*Goal of the exercise*. Omit the pictures and extract only the lines from the line containing "Tokyo shares soared" to the end of the material, each exactly as written.

*Supplied data*.

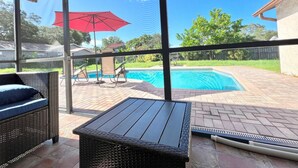 A covered patio area with a pool, wicker furniture, and a red umbrella.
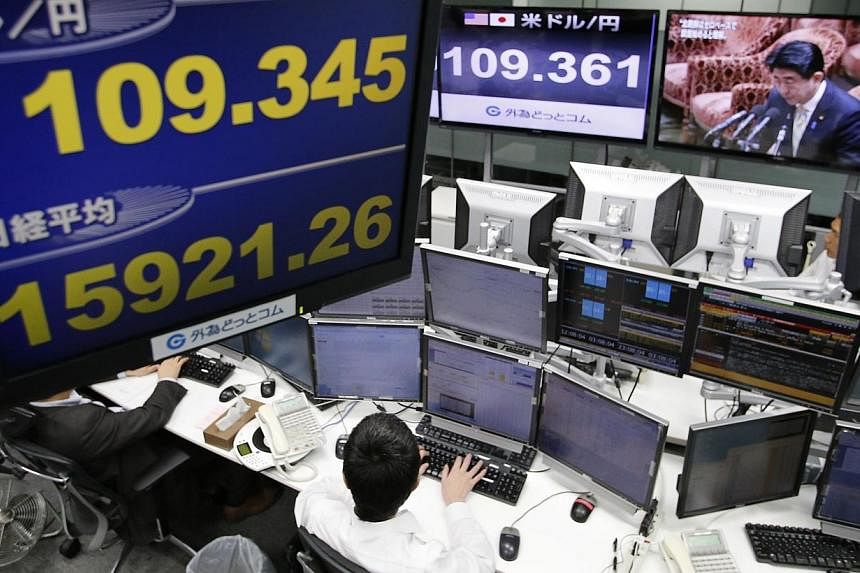Tokyo shares soared 4.83 per cent to a seven-year high on Friday after the Bank of Japan ramped up its vast monetary easing programme, sending the yen into freefall. -- PHOTO: REUTERS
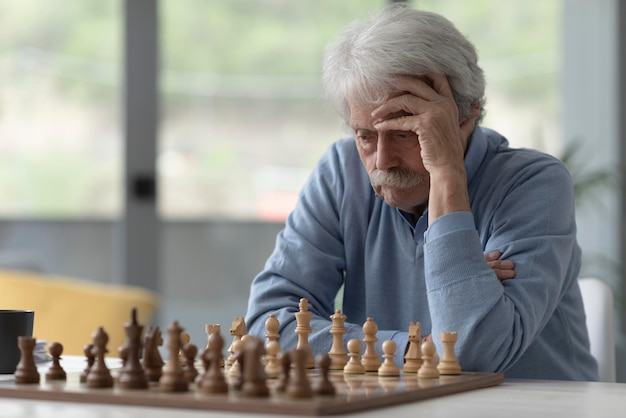 Hombre mayor enfocado jugando al ajedrez está mirando el tablero de ajedrez y pensando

*Completed exercise*.
Tokyo shares soared 4.83 per cent to a seven-year high on Friday after the Bank of Japan ramped up its vast monetary easing programme, sending the yen into freefall. -- PHOTO: REUTERS
 Hombre mayor enfocado jugando al ajedrez está mirando el tablero de ajedrez y pensando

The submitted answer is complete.